Problem to solve: With all images omitted, write out the records word for word.
+===+
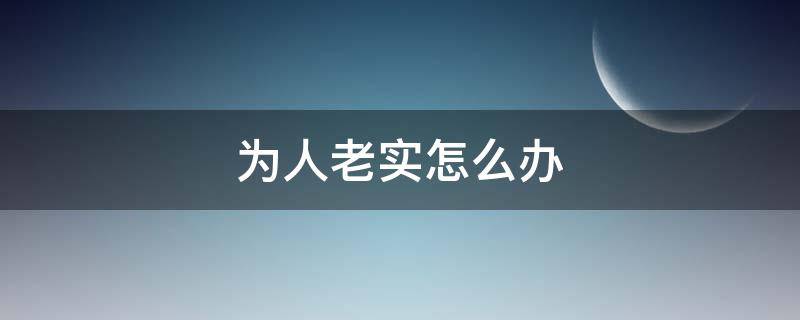 为人老实怎么办 人很老实怎么办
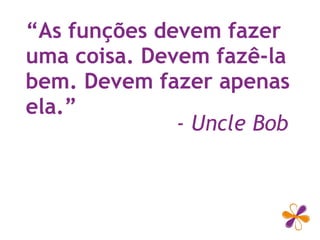 “As funções devem fazer
uma coisa. Devem fazê-la
bem. Devem fazer apenas
ela.”
- Uncle Bob
 
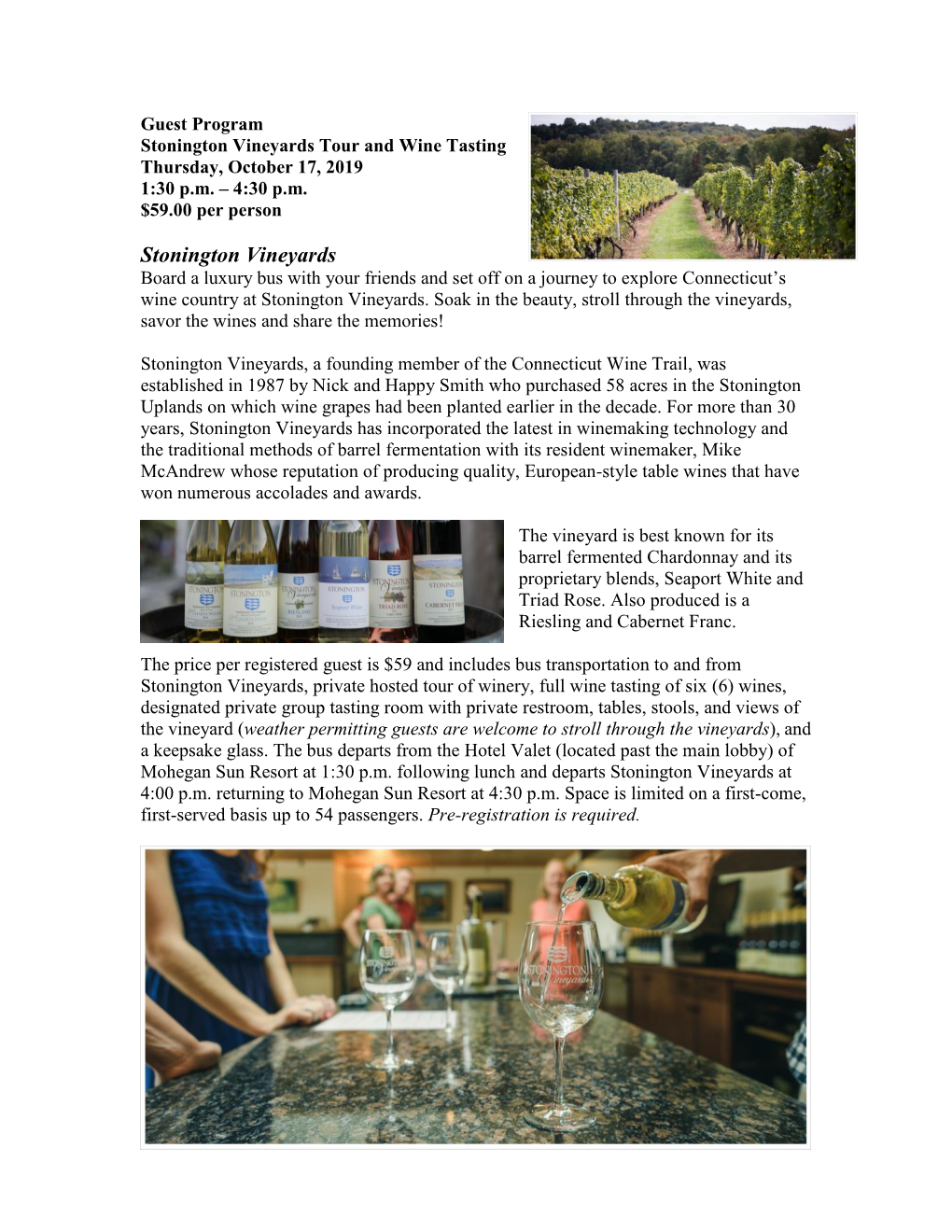Stonington Vineyards Tour and Wine Tasting Thursday, October 17, 2019 1:30 P.M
+===+
Worked solution:
 为人老实怎么办 人很老实怎么办
 “As funções devem fazer
uma coisa. Devem fazê-la
bem. Devem fazer apenas
ela.”
- Uncle Bob
 
Stonington Vineyards Tour and Wine Tasting Thursday, October 17, 2019 1:30 P.M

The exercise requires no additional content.